Object of the Month: ‘I’m a Spy’

To celebrate the release of the latest James Bond film, No Time To Die, starring Daniel Craig, we’ve dug out an original manuscript from the Archive entitled ‘I’m A Spy’.

I'm A Spy Lyrics from Set To Music.jpeg

Detail, “I’m A Spy” manuscript (C) NCAT

Is this Noel Coward confessing that all the rumours swirling around regarding his war work were true? Well, no, not exactly.

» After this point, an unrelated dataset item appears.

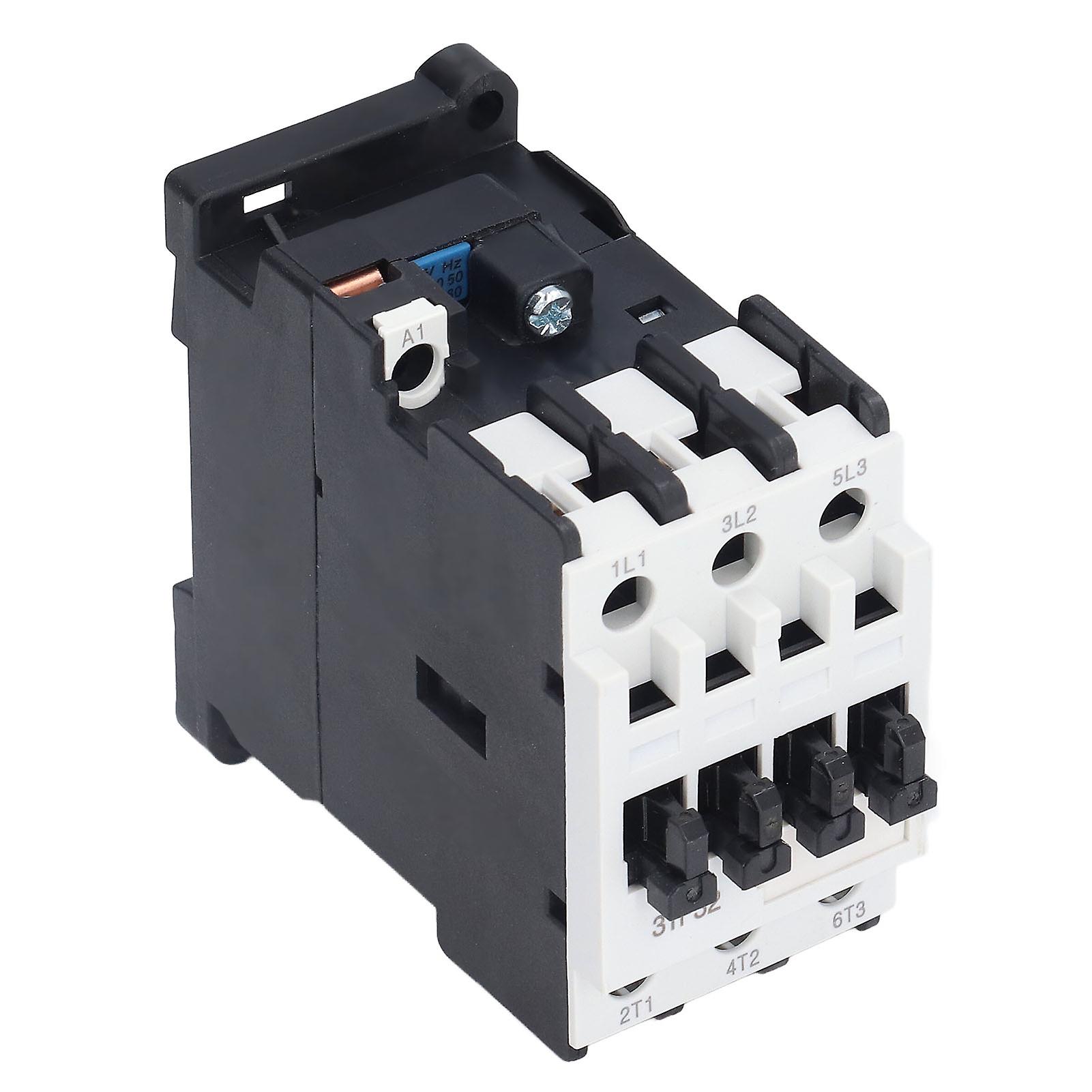 Ac Contactor Household Power Circuit Control Contactor Din Rail Mount 220v 50hz 16a 3tf32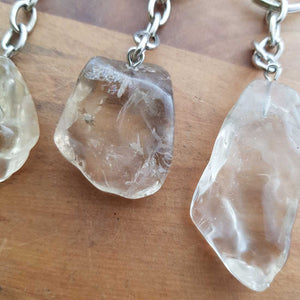 Natural Citrine Keyring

In fact this is a ‘cut’ lyric for a song intended for Beatrice Lillie in 1938’s Set To Music. It was to be performed in a sketch called “Secret Service” in which Lillie plays a comic spy called The Countess:

“I’m a spy

And I can’t imagine why,

As a job it couldn’t be more glamorous.

I should like to be seductive, sly and amorous

And be cluttered up with loads

or extremely secret codes.”

While this lyric pre-dates Coward’s own wartime espionage, it is somewhat prescient, considering his later frustrations with the lack of work he was given to do:

“All I had to do in August Nineteen-Thirty-Eight

Was take a rather common flat not far from Prince’s Gate

And wait and wait and wait and wait and wait and wait and wait.

Oh why—am I a spy?”

Coward with Beatrice Lillie (c) NCAT

“You’d be no good in the intelligence service,” Winston Churchill told Coward, “Get into a warship and see some action! Go and sing to them when the guns are firing - that’s you’re job!”

Bu Coward wanted to use his ‘celebrity’ and ‘intelligence’ to do more. Late in life he recalled being recruited by Sir William Stephenson (known as ‘Little Bill’) who was head of British Security Co-ordination. Summoned to St Ermin’s Hotel in Caxton Street, London:

“I had to meet a contact in the foyer. I waited in this squalid place and eventually a man said “Follow me”… he wheeled me round andinto an elevator. It was only labelled to go up three floors. TO my absolute astonishment it went to the fourth instead. Well this was the… Special Operations Executive. What we called later the Baker Street Irregulars”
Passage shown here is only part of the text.